A Nanoparticle-Based Ratiometric and Self-Calibrated Fluorescent Thermometer for Single Living Cells

The homeostasis of body temperature and energy balance is one of the major principles in biology. Nanoscale thermometry of aqueous solutions is a challenging but crucial technique to understand the molecular basis of this essential process. Here, we developed a ratiometric nanothermometer (RNT) for intracellular temperature measurement in real time. Both the thermosensitive fluorophore, beta-diketonate chelate europium(III) thenoyltrifluoroacetonate, and the thermoinsensitive fluorophore, rhodamine 101, which was used as a self-reference, are embedded in a polymeric particle that protects the fluorophores from intracellular conditions.

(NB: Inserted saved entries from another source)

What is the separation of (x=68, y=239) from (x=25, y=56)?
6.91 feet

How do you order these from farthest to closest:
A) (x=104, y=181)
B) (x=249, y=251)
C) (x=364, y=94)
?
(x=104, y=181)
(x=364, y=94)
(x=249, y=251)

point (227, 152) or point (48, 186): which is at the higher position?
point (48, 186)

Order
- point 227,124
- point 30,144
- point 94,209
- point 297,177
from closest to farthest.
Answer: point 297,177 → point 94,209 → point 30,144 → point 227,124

The ratiometric measurement of single RNT spots is independent of the displacement of the RNT along the z-axis. The temperature is therefore determined at the location of each RNT under an optical microscope regardless of the dynamic movement of living cells. As a demonstration of the spot-by-spot intracellular thermometry, we successfully followed the temperature change in individual RNT spots in a single cell together with the Ca2+ burst induced by the Ca2+ ionophore ionomycin. The temperature increases differently among different spots, implying heterogeneous heat production in the cell. We then show that, in some spots, the temperature gradually decreases, while in others it remains high. The average temperature elevation within a cell is positively correlated to the increase in Ca2+, suggesting that the activity and/or number of heat sources are dependent on the Ca2+ concentration.